In the pages of The Body Book she revealed it all began with 2000’s Charlie’s Angels. A feature film adaption of the classic ‘70s TV series about a trio of women private investigators, the movie starred Diaz, Drew Barrymore, and Lucy Liu.
Cameron Diaz ‘had no strength’ and ‘poor eating habits’
According to British Marie Claire, Diaz described being ill-prepared for the physicality of her role in Charlie’s Angels in her book. In the film, she and her costars had multiple elaborate fight scenes requiring a lot of training. So, naturally, before filming began the three stars practiced with the help of an expert for the rigorous fight scenes.
But as Diaz said in The Body Book, she basically started from scratch. “I was 26 years old. I had just quit smoking. I had poor eating habits. I had no strength,” she wrote. “Then I was cast in the Charlie’s Angels movie,” she added.
Diaz continued, saying she showed up excited — and perhaps a little naive — about training. “It was autumn, and Drew Barrymore and I arrived to train for our roles on set. Cheung-yan Yuen, who was our martial arts master, was there, along with all of our trainers,” she recalled. “We were so excited. Woo hoo!”
However, the excitement quickly faded when they learned just how serious and intense their training would get.
Martial arts master told Diaz ‘your new best friend is pain’
Diaz revealed she and Barrymore didn’t know what their training entailed. “We had no idea what we were getting ourselves into,” she wrote. “Cheung-yan Yuen began to speak, and the interpreter translated his words for us. ‘Today,’ he said, ‘I’m going to introduce you to your new best friend. You’re going to learn to love your new best friend.’”
Yuen continued, giving them a taste of what was to come. “‘You’re going to have him with you all of the time. You’re going to cherish him. And he’s going to be a part of your life,’” Diaz recalled before adding, “We were so excited. We looked at each other as if to say, who could it be? And Cheung-yan Yuen said, ‘Your new best friend is pain.’”
Diaz calls training ‘pivotal moment’ for her ‘physical fitness’
In a March 2014 interview with Furthermore, Diaz opened up about what training for Charlie’s Angels did for her life.
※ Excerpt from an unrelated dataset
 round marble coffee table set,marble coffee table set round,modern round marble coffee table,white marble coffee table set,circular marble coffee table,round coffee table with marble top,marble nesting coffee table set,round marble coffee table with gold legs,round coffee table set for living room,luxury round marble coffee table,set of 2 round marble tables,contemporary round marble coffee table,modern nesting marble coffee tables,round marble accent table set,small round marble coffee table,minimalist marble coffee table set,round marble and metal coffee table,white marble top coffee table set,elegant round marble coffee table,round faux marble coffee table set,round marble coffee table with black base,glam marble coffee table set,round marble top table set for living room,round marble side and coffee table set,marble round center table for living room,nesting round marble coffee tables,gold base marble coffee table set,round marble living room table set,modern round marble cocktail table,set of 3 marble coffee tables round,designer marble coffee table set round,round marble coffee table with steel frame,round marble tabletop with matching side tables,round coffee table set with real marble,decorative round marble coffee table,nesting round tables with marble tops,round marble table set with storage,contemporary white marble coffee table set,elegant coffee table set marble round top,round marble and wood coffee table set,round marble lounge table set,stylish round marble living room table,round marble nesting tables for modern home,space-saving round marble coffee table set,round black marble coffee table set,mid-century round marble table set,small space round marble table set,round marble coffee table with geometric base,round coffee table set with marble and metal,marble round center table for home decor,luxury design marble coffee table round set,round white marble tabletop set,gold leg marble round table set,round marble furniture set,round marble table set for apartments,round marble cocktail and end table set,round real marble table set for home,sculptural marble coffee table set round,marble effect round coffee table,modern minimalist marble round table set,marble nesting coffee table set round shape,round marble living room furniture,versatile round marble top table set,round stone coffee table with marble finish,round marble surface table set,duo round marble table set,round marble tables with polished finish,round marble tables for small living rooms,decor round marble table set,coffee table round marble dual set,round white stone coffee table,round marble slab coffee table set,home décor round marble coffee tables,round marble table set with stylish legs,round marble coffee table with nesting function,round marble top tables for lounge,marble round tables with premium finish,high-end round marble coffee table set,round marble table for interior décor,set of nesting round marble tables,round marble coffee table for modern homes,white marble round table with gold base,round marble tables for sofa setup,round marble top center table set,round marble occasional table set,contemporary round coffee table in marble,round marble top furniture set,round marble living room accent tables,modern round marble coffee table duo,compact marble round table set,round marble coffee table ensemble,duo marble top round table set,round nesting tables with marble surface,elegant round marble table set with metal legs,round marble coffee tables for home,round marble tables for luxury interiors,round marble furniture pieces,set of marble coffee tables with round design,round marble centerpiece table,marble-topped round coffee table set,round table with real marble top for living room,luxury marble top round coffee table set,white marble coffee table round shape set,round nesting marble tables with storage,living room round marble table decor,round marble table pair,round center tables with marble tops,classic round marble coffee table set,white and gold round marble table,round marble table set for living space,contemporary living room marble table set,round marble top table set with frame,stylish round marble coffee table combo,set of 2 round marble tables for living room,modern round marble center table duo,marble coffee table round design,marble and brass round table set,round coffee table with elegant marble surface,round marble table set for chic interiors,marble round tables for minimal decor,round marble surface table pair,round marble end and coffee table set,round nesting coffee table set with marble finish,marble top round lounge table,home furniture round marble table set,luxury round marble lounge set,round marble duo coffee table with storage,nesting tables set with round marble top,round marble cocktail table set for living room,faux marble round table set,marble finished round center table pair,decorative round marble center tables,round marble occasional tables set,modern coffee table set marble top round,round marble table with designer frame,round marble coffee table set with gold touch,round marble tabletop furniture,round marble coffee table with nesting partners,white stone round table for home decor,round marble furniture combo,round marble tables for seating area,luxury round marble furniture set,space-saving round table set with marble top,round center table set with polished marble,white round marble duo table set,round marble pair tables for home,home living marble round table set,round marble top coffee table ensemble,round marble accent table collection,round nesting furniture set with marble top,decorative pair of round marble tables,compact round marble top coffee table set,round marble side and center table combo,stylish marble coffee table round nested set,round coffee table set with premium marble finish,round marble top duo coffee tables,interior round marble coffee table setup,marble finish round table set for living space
She called it a turning point of sorts.
“The day I started martial arts training for Charlie’s Angels was a pivotal moment in my life in terms of my physical fitness,” she said. “It was the first time someone showed me what my very own body had the potential to do.”
She continued, saying prior to that experience, she “had no concept of the extent to which my body could be trained to be that strong and capable,” noting she and costars learned “movie fu.”
As for the pain, she said it went away with time. “Eventually, the pain of 8 hours a day of training subsided and allowed us to execute intricately choreographed fight sequences…in heels.”